AP: What are some of you favorite design projects/exhibitions you have worked on to date?
DM: Attending Dragon-Con in September 2010 was definitely a highlight for me. It was great to meet fellow artists and collectors alike. It was very humbling to see the amount of support we received. I shared a booth with an artist friend of mine, Jason Limon. We didn’t have a second to spare the whole weekend, from conversing with fans to selling paintings and prints. The convention was well put together and worth the investment. I look forward to attending again next year! I also had the pleasure of taking part in the Suggestivism exhibit at Grand Central Art Center in Santa Ana, which was curated by artist Nathan Spoor. It’s an ambitious exhibit featuring over fifty contemporary artists whose work is inherently ambiguous and organic in process. I’m so honored to be included in this show, definitely a highlight of my career to this point.
AP: What is your medium of choice ?
DM: I prefer to paint with acrylics on wood panel. I occasionally use canvas, but I’m able to create more details and use a more aggressive dry brush technique on wood. I guess you could say that wood “handles the abuse” better than canvas.
AP: What is the relationship between technique and content in your work?
DM: My painting style is very detailed and at the same time embraces imperfections and large brush strokes. I often paint with very small brushes and work tediously to obtain a great amount of detail.
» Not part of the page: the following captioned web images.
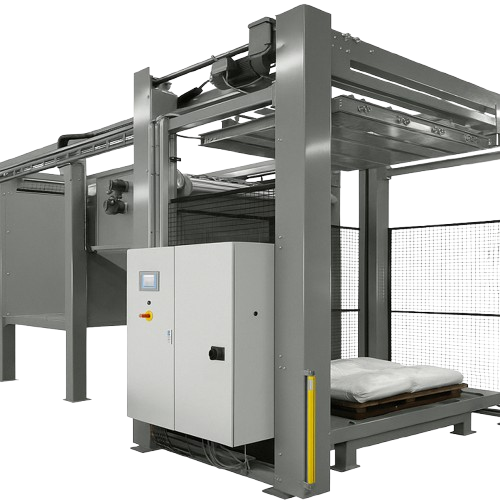 Automatic Bag emptying system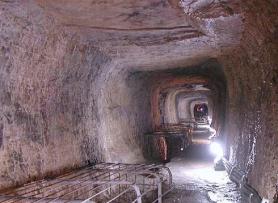 Samos - tunel Evpalinos
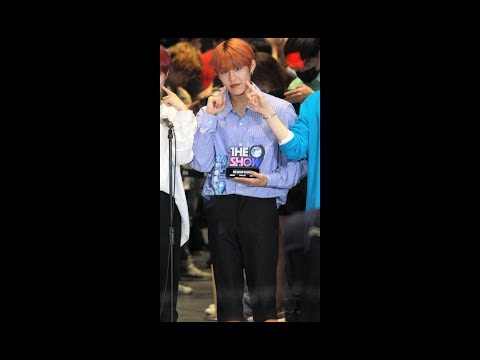 190604 AB6IX 박우진 (PARK WOO JIN) 퇴근 by ODS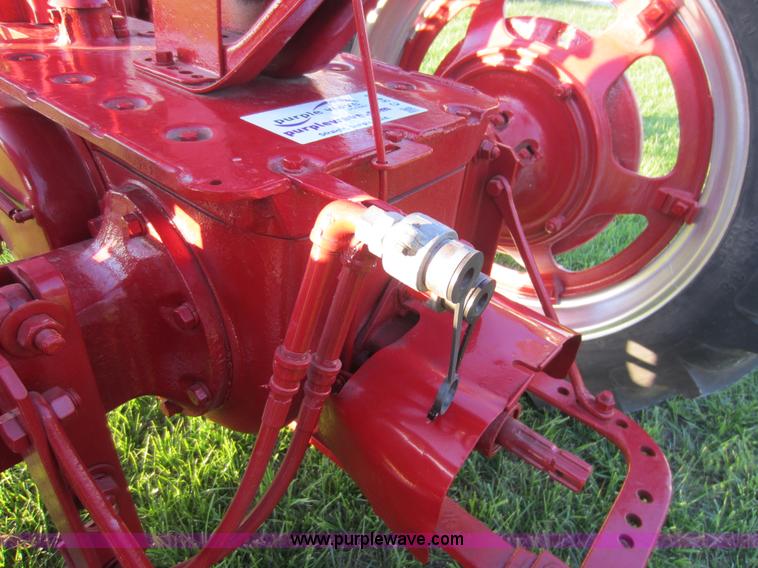 image for item C5443 Farmall H tractor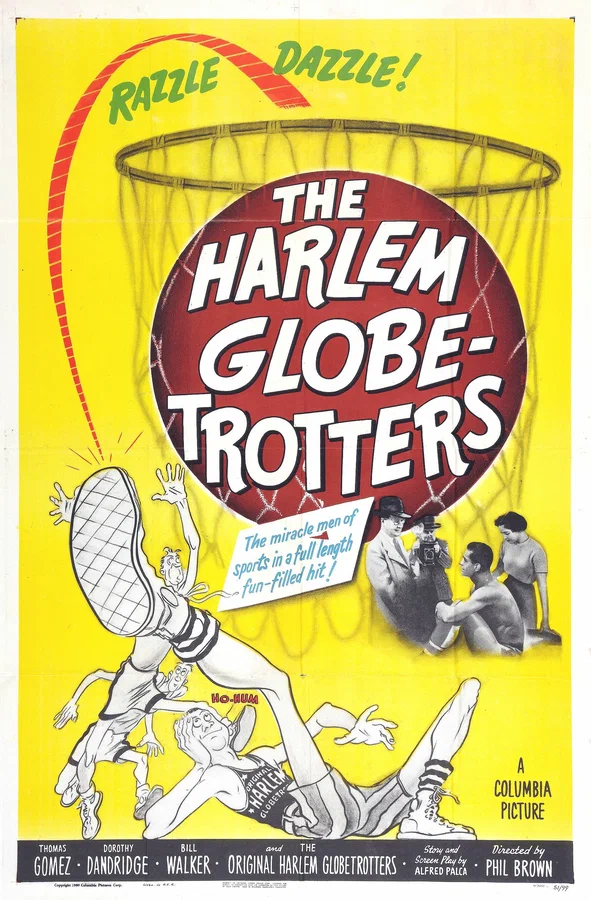 Постер: The Harlem Globetrotters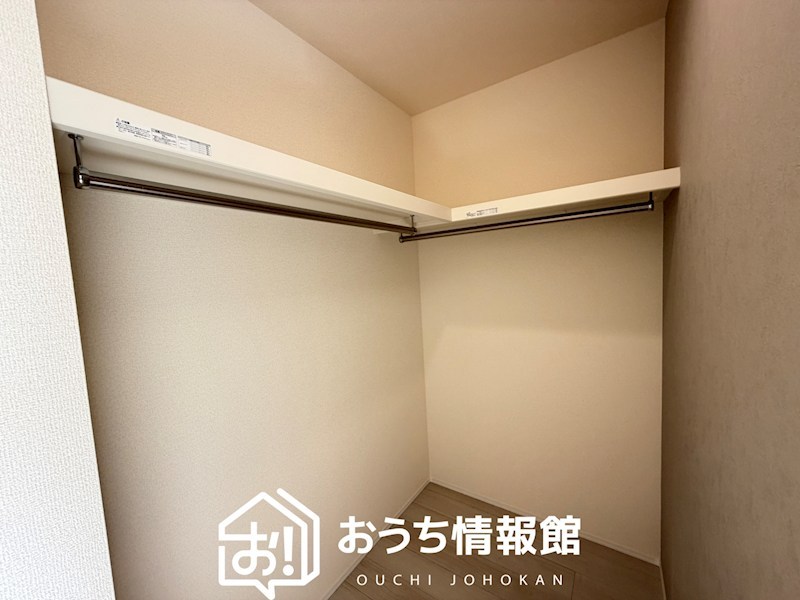 犬山市上野兼若　1号地 内観写真（収納）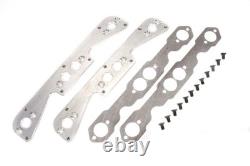 Schoenfeld Header Flange Adapter Aluminum Small Block Chevy to Stahl Pattern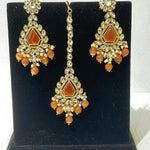 Tikka Set With Kundan Work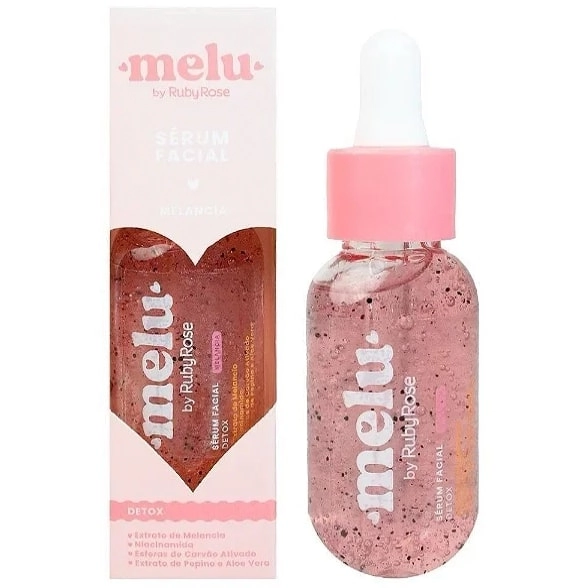 Ruby Rose Serum Detox Melancia Melu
I feel the subjects in my work come alive through this meticulous form of painting. I also put a great deal of emphasis on light within my work. This helps achieve the depth and emotion that I’m looking to create within each piece. Some may be surprised to know that my technique is very spontaneous and develops organically. I prefer to let my images unfold on the canvas. A painting may start out one way, but end differently than I had intended. I find that I rarely “stick to the script” so to speak.
AP: In what direction would you like to see your work going over the next five years?
DM: I would like to continue to push the limits in my work. Creating larger, more detailed pieces is something I look forward to tackling. I hope to explore new mediums such as sculpture and animation. Overall, I’m looking to broaden the audience that I’m reaching with my art. Whether that means showing in new cities or working on interesting projects I’m up for it all. As long as I continue to see growth in my work I’m happy with where things are headed.
AP: What forth coming projects and or exhibitions do you have scheduled for 2011?
DM: I have a few exciting group shows coming up. One being the Inle group show, curated by artist Greg Simkins. I’m also going to take part in a couple international shows this year one in Barcelona and one in London. When I’m not preparing for a show I’m working on my personal paintings and commissions.
AP: Take us on a guided tour through a day in your life as an artist.
DM: A typical day usually starts around 11 am, as I am usually up until at least 4 am. I have my breakfast while most are having lunch. Coffee or espresso is always a must within my first hour. I start the day doing office work, as well as packaging up paintings or prints. I usually have errands to run, such as dropping art off at FedEx, my framer, etc. After errands I usually have a quick bite and begin painting around 4 or 5 p.m.. I will take a break around 8 for dinner, and maybe get in some relaxation time for a half hour or so watching some tv or reading. After that, it’s off to a late night painting, of course with more coffee in hand!
AP: Thank you so much for taking the time to answer our questions.